[EXERCISE PROMPT]
Pictures aside, repeat the whole listing word for word.

[PROVIDED MATERIAL]
┄┄┄┄┄┄┄┄┄┄┄┄┄┄┄┄┄┄┄┄

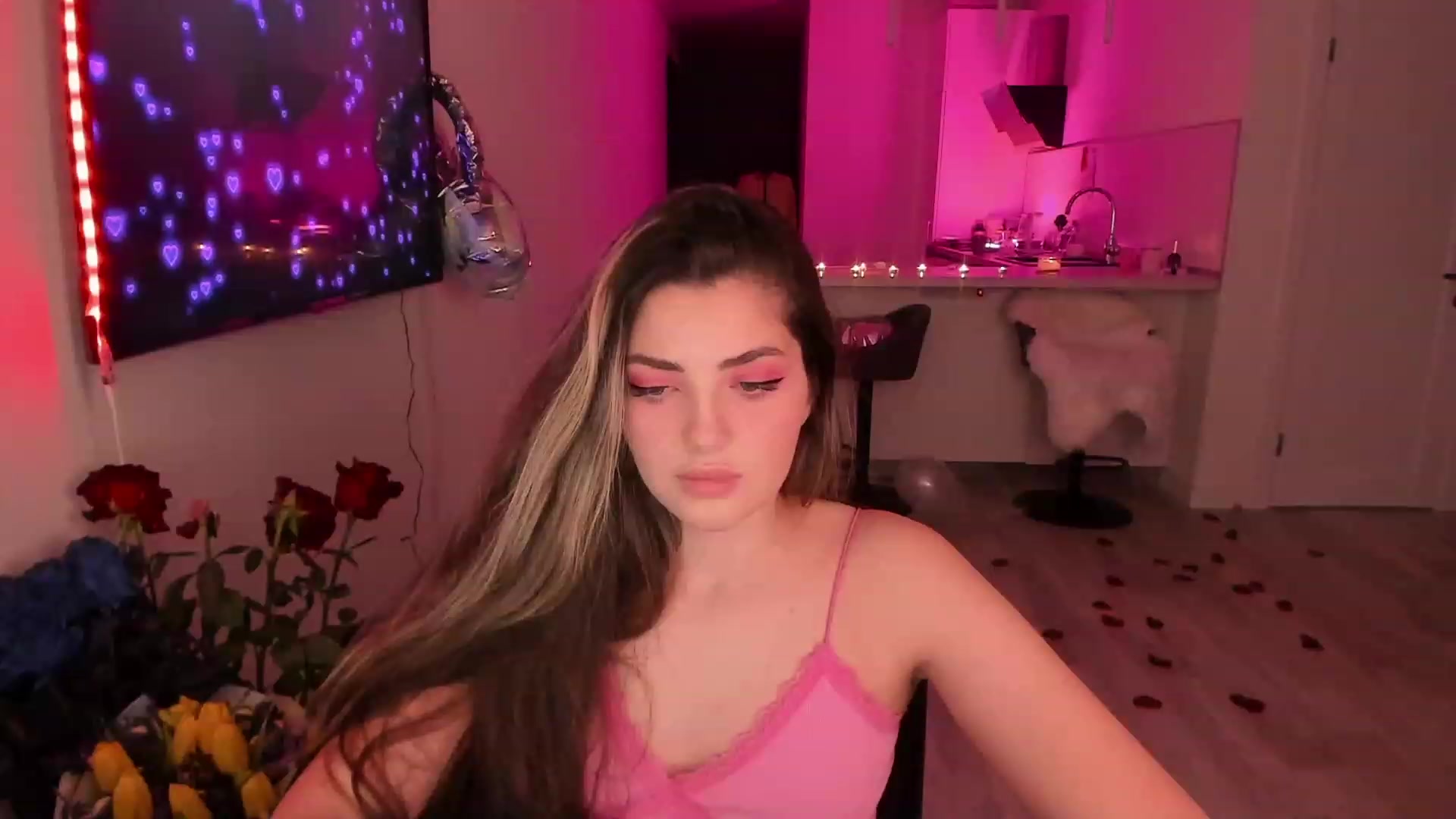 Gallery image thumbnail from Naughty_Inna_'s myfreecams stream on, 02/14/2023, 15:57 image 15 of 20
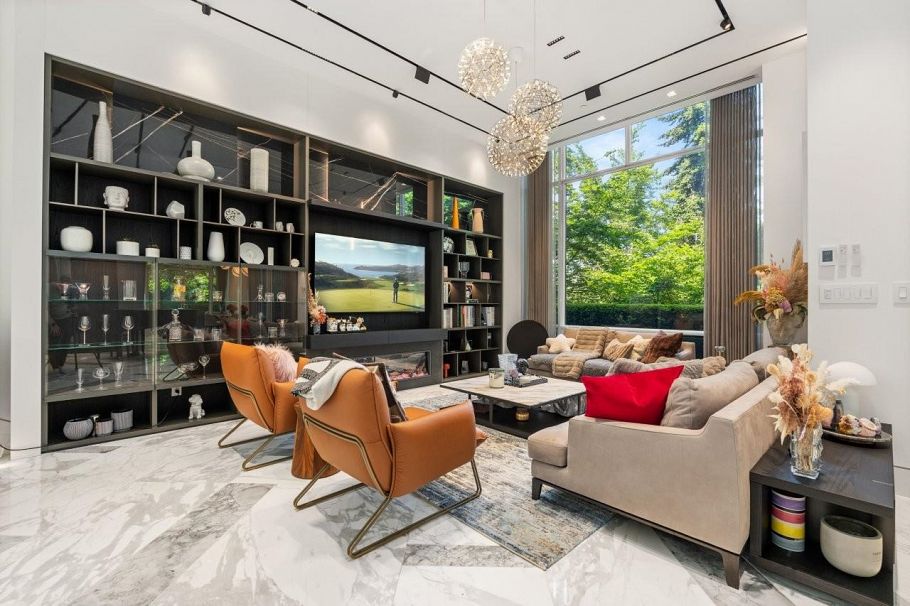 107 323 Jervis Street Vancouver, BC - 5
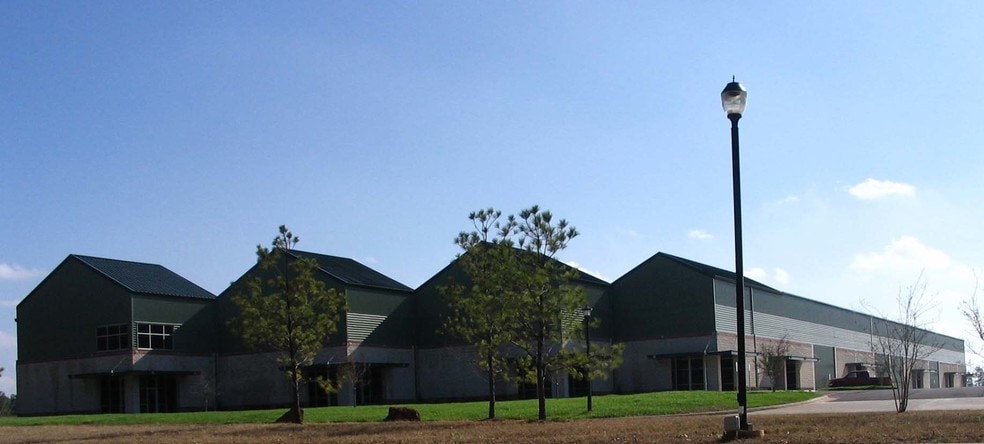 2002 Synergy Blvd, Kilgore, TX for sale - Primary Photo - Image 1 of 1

┄┄┄┄┄┄┄┄┄┄┄┄┄┄┄┄┄┄┄┄

[REPLY]
 Gallery image thumbnail from Naughty_Inna_'s myfreecams stream on, 02/14/2023, 15:57 image 15 of 20
 107 323 Jervis Street Vancouver, BC - 5
 2002 Synergy Blvd, Kilgore, TX for sale - Primary Photo - Image 1 of 1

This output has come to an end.